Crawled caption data
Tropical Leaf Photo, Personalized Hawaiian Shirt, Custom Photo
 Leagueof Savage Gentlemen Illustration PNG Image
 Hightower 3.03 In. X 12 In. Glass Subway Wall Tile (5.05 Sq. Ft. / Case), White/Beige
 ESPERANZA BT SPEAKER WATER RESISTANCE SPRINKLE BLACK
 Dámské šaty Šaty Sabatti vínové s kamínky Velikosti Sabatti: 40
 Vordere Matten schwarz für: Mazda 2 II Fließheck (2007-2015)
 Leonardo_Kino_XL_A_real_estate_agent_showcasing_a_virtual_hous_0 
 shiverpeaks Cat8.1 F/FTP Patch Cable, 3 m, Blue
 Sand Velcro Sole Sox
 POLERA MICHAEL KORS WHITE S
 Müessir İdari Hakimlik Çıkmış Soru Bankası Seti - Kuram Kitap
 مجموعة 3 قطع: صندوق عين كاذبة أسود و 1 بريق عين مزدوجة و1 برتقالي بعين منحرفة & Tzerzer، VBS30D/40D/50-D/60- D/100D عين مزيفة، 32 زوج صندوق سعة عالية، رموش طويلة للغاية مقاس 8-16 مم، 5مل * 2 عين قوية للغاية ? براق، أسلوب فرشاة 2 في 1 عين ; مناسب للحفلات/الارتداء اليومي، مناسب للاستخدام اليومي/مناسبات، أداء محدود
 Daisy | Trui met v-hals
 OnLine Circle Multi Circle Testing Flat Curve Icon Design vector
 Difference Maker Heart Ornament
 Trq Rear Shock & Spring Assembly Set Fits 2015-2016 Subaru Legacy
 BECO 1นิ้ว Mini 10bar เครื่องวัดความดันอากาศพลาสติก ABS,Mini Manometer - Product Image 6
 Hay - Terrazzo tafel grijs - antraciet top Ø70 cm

:: Work required ::
Your task is to quote the lines above, beginning with the first and ending with the one that holds "Vordere Matten schwarz".

:: Reply ::
Tropical Leaf Photo, Personalized Hawaiian Shirt, Custom Photo
 Leagueof Savage Gentlemen Illustration PNG Image
 Hightower 3.03 In. X 12 In. Glass Subway Wall Tile (5.05 Sq. Ft. / Case), White/Beige
 ESPERANZA BT SPEAKER WATER RESISTANCE SPRINKLE BLACK
 Dámské šaty Šaty Sabatti vínové s kamínky Velikosti Sabatti: 40
 Vordere Matten schwarz für: Mazda 2 II Fließheck (2007-2015)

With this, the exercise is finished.